Denver Non-Profit Faces Protests
The Rocky Mountain News has a good article about El Centro Humanitario para los Trabajadores, which operates in downtown Denver. The center aims to help day laborers, but many groups against immigration have been protesting the center recently. From the article:
The agency found a home in June 2002, when Fred Pasternack began renting his 6,000-square-foot former car wash to the group. Last year, he donated the building to the nonprofit.
Today, the group operates with a $263,000 budget, funded mostly by private foundations. The agency gets $50,000 a year from government agencies, including the city of Denver.
El Centro has 11 donated computers that workers use to look for jobs. Denver University law students volunteer once a week to help workers collect back pay from scofflaw employers - some $40,000 last year.

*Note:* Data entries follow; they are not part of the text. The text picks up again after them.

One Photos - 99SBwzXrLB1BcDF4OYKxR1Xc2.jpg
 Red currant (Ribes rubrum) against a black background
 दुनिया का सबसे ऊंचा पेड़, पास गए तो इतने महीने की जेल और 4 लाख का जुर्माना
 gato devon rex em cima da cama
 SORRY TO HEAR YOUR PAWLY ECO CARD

Workers registered at the center are picked for jobs through a lottery system. The agency does not get any of the workers' pay and does not charge a fee to the employers.
Most jobs involve construction, landscaping, cleaning, moving and other low-skilled labor.

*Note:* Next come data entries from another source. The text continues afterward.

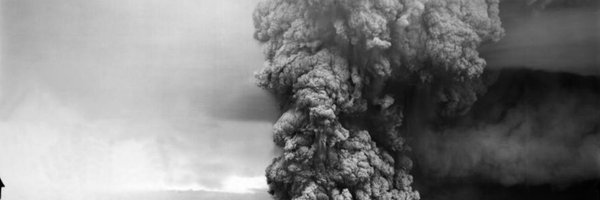 ThoseWillows Profile Banner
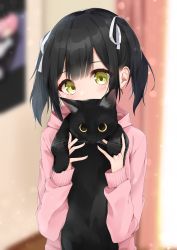 Rule 34 | 1girl, absurdres, animal, black cat, blurry, blurry background, blush, cat, commentary request, depth of field, fingernails, green eyes, hair between eyes, hair ribbon, hands up, head tilt, highres, hijouguti, holding, holding animal, holding cat, hood, hood down, hoodie, indoors, long sleeves, looking at viewer, original, pink hoodie, ribbon, sleeves past wrists, solo, twintails, upper body, white ribbon
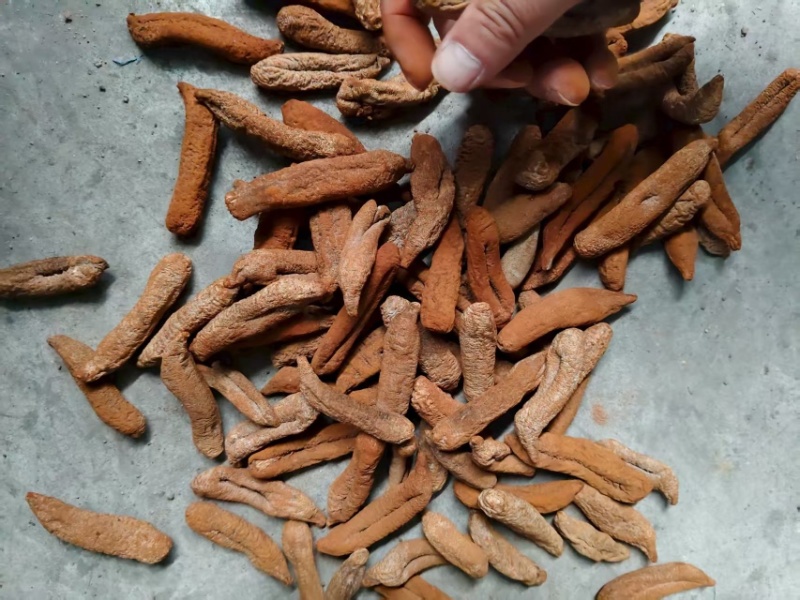 茄参海参烘干出数量大价优/可视频看货/欢迎咨询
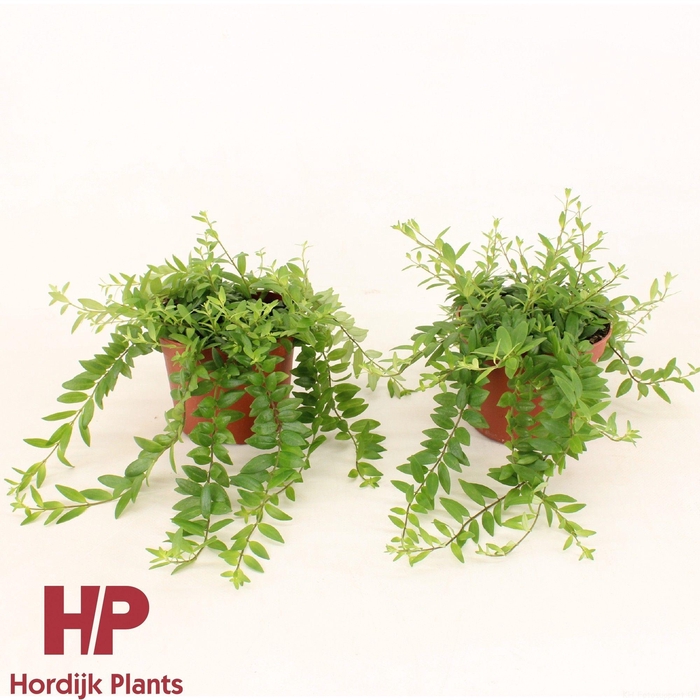 <h4>P12 cm - Aeschynanthus Japhrolepis</h4>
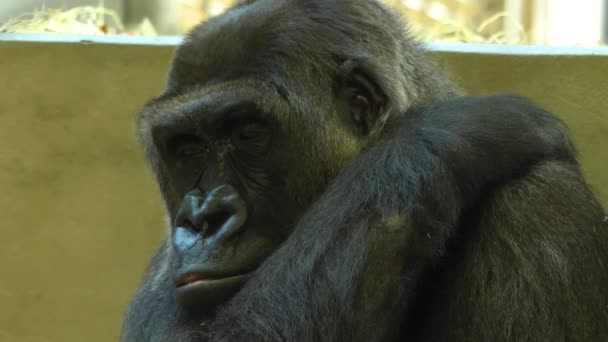 Zblízka Gorila Tvář Rozhlížející Kolem — Stock video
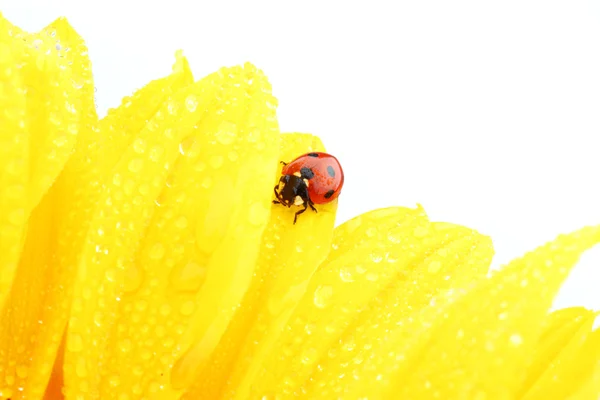 Marienkäfer auf Sonnenblume — Stockfoto
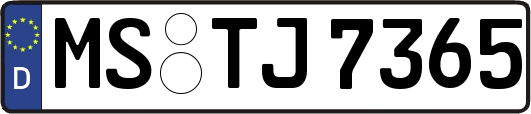 MS-TJ7365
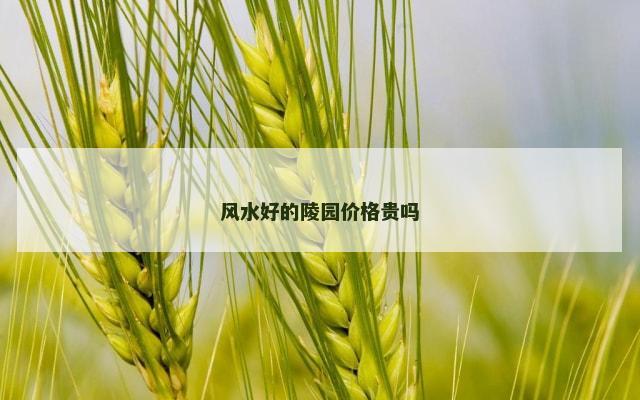 风水好的陵园价格贵吗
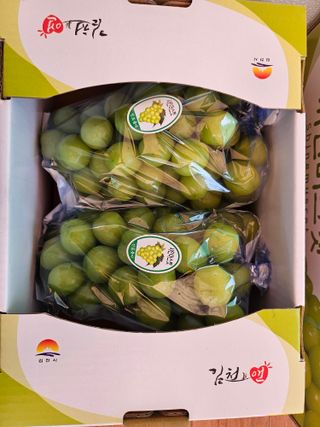 최지훈님의 포도 · 자유게시판 작성글 사진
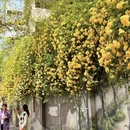 南京旅游 缩略图 3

About a dozen women meet each week to make crafts, including jewelry, cushions and piƱatas, many of which hang from the ceiling inside the center's main room.
For many workers, El Centro is their ticket to survival, a way to earn money to pay for food, transportation and housing. Some of the illegal immigrants send their earnings back to their families in Mexico and South America.

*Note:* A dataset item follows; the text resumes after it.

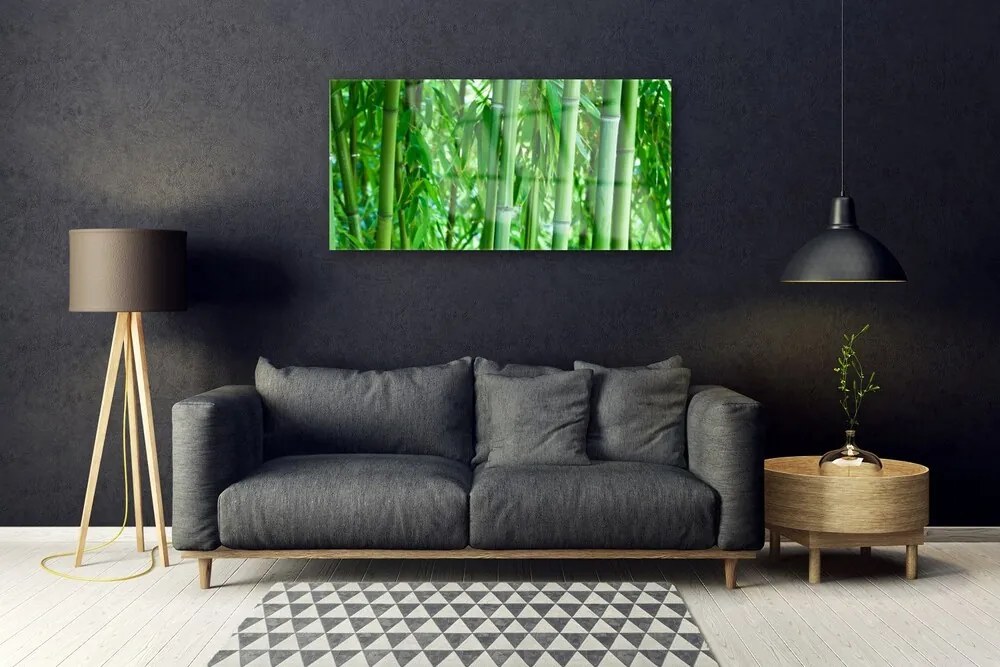 Quadro vetro acrilico Stelo di piante di bambù 100x50 cm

Other workers have recently lost jobs or plunged into depression or substance abuse because of a family trauma.
The common thread among them is the desire to earn a living.
Ji said she is not overly concerned about the Minutemen protests or the stream of nasty anti-immigrant phone messages her agency receives.
She said she's most worried about House Resolution 4437, the Border Protection, Antiterrorism and Illegal Immigration Control Act of 2005 that passed the House last month.
Among other things, the 137-page bill would allow a citizen to sue an agency such as hers and also sue law enforcement agencies to force prosecution of places like El Centro that help illegal immigrants.
"This is the worst law you can even think of," Ji said. "It makes it criminal for El Centro to exist."
By 9 a.m. last Tuesday, almost 70 workers have registered at the center. So far, only one man has gotten work.